A proposta de taxação atende a pressão de empresas brasileiras de comércio eletrônico, que se setem prejudicadas com facilidade de envio de produtos pelos sites estrangeiros.

Compras 
A notícia jogou um balde de água fria sobre os brasileiros que costumam comprar desites estrangeiros, pois veio pouco meses após uma decisão da Justiça Federal definindo que mercadorias até US$ 100 estão isentas de cobrança de Imposto de Importação pela Receita Federal.  
Inicialmente válida para apenas três estados (Rio Grande do Sul, Santa Catarina e Paraná), a medida, tomada no dia 27 de maio pelo juiz federal Antônio Fernando Shenkel do Amaral e Silva, da Turma Regional de Uniformização (TRU) dos Juizados Especiais Federais (JEFs) da 4ª Região, abre um precedente para que outros juízes possam tomar decisões semelhantes nos demais estados, 

Isenções 
Atualmente, apenas os bens de até US$ 50 são isentos de tributação, desde que enviados de pessoa física para pessoa física.
É o que menciona a Portaria MF nº 156, de 24 de junho de 1999, no § 2º do art. 1º: “os bens que integrem remessa postal internacional no valor de até US$ 50,00 (cinquenta dólares dos Estados Unidos da América) ou o equivalente em outra moeda, serão desembaraçados com isenção do Imposto de Importação, desde que o remetente e o destinatário sejam pessoas físicas”. 
Os medicamentos destinados à pessoa física e enviados por meio de remessa postal internacional, isto é, por meio dos Correios oficial dos países, são isentos de Imposto de Importação - II e do Imposto sobre Produtos Industrializados - IPI (arts. 2º e 3º da IN SRF nº 96/1999).

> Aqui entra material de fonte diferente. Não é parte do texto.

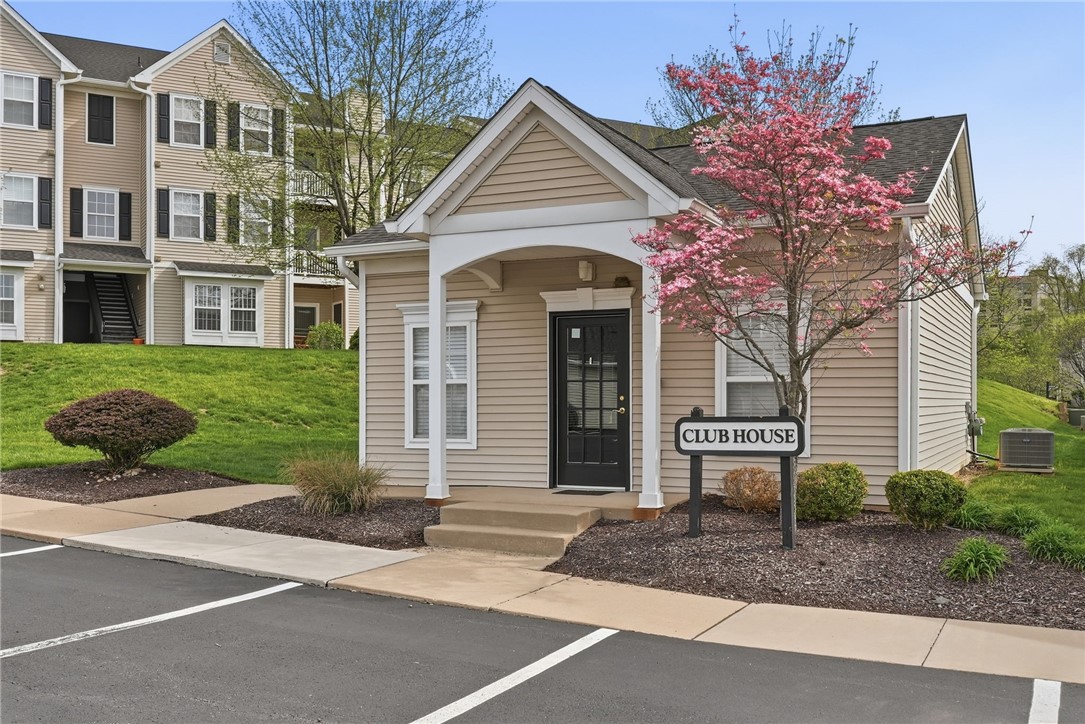 1006 Lenox Oval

Sua liberação está condicionada às exigências da Agência Nacional de Vigilância Sanitária (Anvisa). 

Cobrança
Compras internacionais até US$ 3.000 são sujeitas a Imposto de Importação de 60% do valor da compra e ICMS, cuja alíquota varia conforme o Estado. Se a compra for paga com cartão de crédito, há ainda a cobrança do Imposto sobre Operações Financeiras (IOF), na alíquota de 6,38% sobre o valor da compra internacional.